Okay, lets assume that this isn't "democracy."

Previously, the warbloggers have more or less assumed that all we had to do was "give" the Afghans, Iraqis, etc. the ballot and liberal values would take root naturally because all humans are liberty loving. A particularly extreme example of this mindset was Rumsfeld comment that looting in Baghdad showed that "freedom" was messy.

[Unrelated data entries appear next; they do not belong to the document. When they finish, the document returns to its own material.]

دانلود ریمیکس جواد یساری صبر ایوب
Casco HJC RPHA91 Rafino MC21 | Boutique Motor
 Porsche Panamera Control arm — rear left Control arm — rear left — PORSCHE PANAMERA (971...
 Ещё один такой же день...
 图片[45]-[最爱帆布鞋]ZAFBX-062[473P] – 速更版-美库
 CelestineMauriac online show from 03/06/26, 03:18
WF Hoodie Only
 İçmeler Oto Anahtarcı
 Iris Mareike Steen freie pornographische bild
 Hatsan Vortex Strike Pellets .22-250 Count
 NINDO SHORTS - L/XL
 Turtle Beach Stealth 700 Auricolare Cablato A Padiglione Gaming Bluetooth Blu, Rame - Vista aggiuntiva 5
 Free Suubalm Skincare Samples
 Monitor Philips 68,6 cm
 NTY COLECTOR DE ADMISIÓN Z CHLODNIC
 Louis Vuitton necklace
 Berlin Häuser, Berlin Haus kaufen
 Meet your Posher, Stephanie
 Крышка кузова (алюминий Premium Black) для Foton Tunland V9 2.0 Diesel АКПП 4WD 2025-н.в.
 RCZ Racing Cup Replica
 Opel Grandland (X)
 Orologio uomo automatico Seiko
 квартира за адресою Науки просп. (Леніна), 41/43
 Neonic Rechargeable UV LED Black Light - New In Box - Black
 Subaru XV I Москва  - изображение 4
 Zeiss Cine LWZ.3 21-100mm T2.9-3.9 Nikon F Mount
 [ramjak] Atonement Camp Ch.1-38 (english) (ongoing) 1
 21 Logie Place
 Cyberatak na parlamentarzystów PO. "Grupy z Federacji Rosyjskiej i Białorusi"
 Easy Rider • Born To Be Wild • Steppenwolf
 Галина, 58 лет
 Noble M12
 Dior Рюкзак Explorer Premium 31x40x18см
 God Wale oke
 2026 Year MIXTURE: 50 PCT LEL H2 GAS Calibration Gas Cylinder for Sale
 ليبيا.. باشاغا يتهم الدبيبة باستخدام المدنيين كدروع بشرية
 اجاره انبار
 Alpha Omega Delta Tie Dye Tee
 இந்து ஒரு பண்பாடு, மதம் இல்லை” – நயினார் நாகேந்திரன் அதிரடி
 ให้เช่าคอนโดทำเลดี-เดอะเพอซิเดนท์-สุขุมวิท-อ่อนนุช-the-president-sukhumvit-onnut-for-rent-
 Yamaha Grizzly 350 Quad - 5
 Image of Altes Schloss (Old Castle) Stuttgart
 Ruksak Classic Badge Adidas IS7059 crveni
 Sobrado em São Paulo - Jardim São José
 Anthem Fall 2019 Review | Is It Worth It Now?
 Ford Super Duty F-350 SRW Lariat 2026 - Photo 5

Now, that this view has proven overly optimistic, what is to be done? The U.S. doesn't have the resources to micromanage every case where the Afghans and Iraqis vear off the liberal straight and narrow e.g whenever the veil is reimposed in Basra or rural Afghanistan, everytime there is ethnic cleansing in Kirkuk, etc. Even if the warbloggers think it would be worth the expense in lives and dollars, they can no longer count on the American people, who now think that the Iraq war was a mistake, to ante up.

At some point, warbloggers, like Volokh, have to face these issues.


Aeon J. Skoble - 3/22/2006

Maybe the problem is that democracy per se isn't the desideratum. What's needed is _liberalism_. Democratization of tyrannical regimes can lead to liberalization, but doesn't necessarily do so. I think many political leaders and their speechwriters confuse the two, but I suspect Eugene knows the difference, and isn't in favor of pure majoritarianism, either as an export or as a domestic product. I'd wager that what Eugene favors is limited government. Democratic institutions are often a part of that, esp. when the regime used to be a dictatorship, but the demos also needs to be limited, typically by some codified rights theory. Then there's no contradiction.